Records excerpted from a collection
□ □ □ □ □

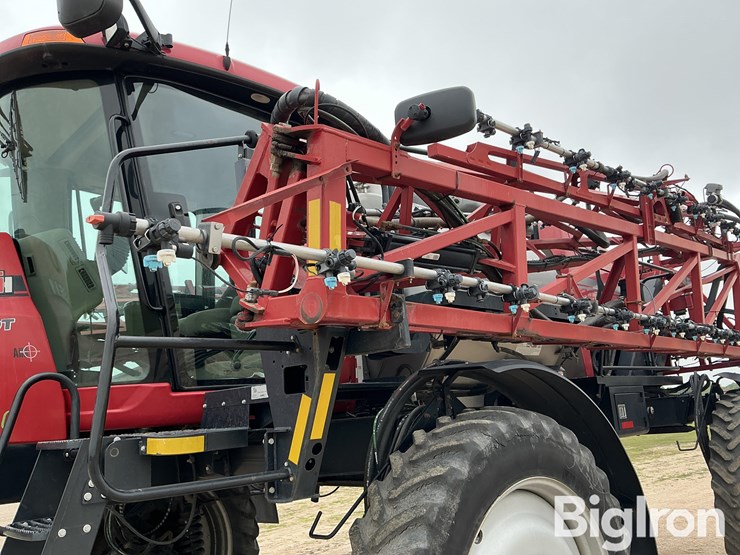 2016-case-ih-patriot-4440-image-19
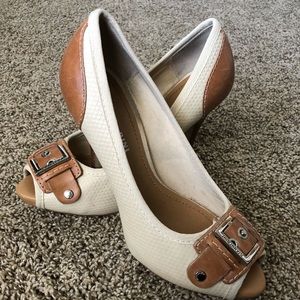 Gianni Bini Cream Peep Toe Heel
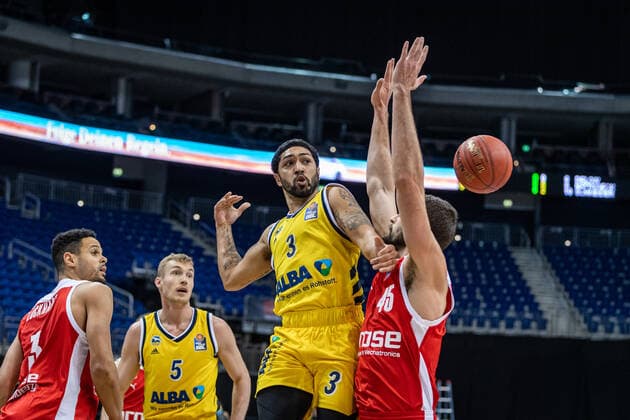 Basketball Berlin 13 12 2020 Season 2020 2021 easyCredit BBL 1 Bundesliga BBL Alba Berlin vs Brose Banberg Peyton Siva Alba Berlin, No 03 David Kravish Bamberg, No 45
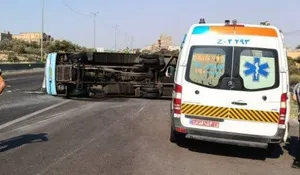 ۹مصدوم در واژگونی مینی‌بوس اتوبان کسایی

 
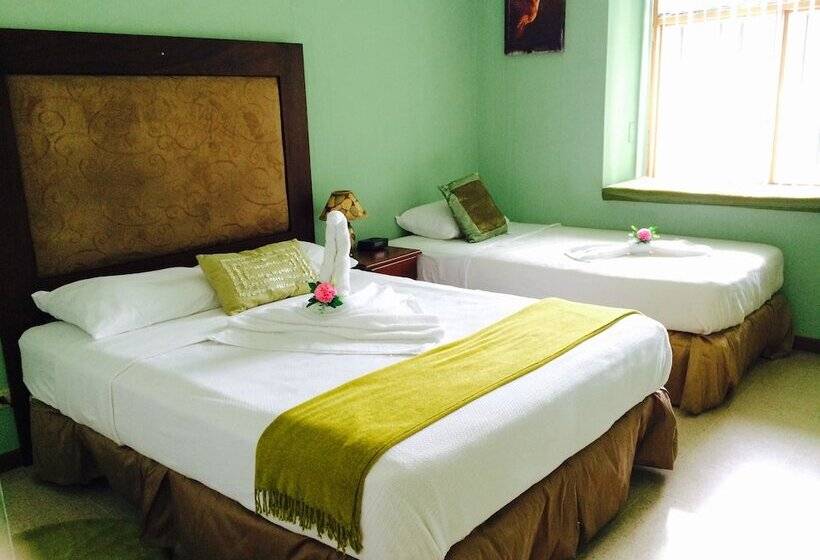 مبيت وإفطار & Spa Old House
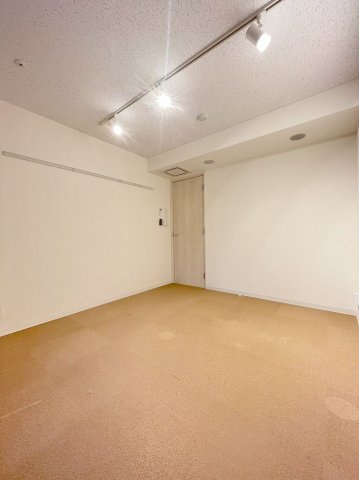 「防音マンション」ラシクラス中板橋の寝室|Bluetooth仕様のスピーカーも付いています。接続すればすぐにでも使用可能です。右上は24時間稼働の換気口です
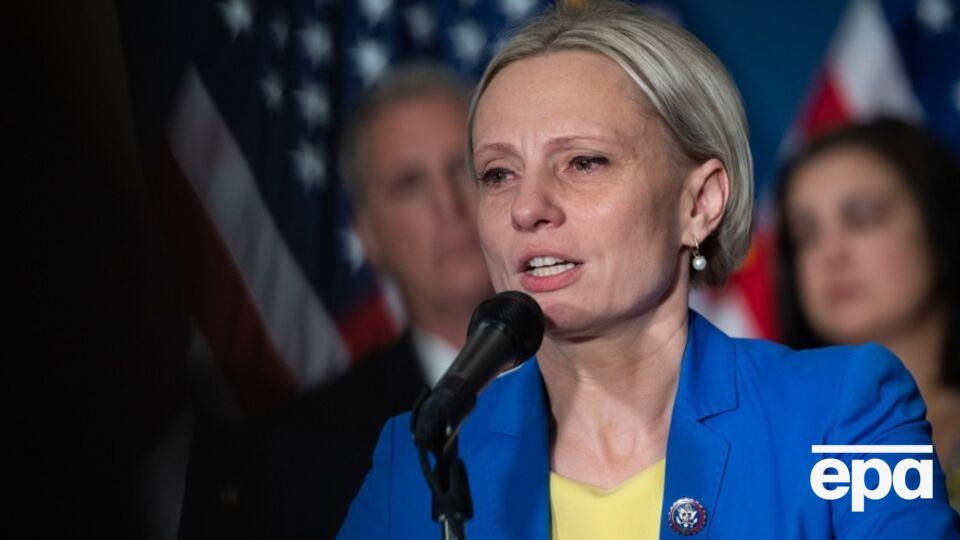 Представитель Спартц заявил, что она случайно привезла пистолет в аэропорт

□ □ □ □ □

WHAT THE EXERCISE ASKS: Each record above should be duplicated word for word, with no pictures included.

REPLY:
 2016-case-ih-patriot-4440-image-19
 Gianni Bini Cream Peep Toe Heel
 Basketball Berlin 13 12 2020 Season 2020 2021 easyCredit BBL 1 Bundesliga BBL Alba Berlin vs Brose Banberg Peyton Siva Alba Berlin, No 03 David Kravish Bamberg, No 45
 ۹مصدوم در واژگونی مینی‌بوس اتوبان کسایی

 
 مبيت وإفطار & Spa Old House
 「防音マンション」ラシクラス中板橋の寝室|Bluetooth仕様のスピーカーも付いています。接続すればすぐにでも使用可能です。右上は24時間稼働の換気口です
 Представитель Спартц заявил, что она случайно привезла пистолет в аэропорт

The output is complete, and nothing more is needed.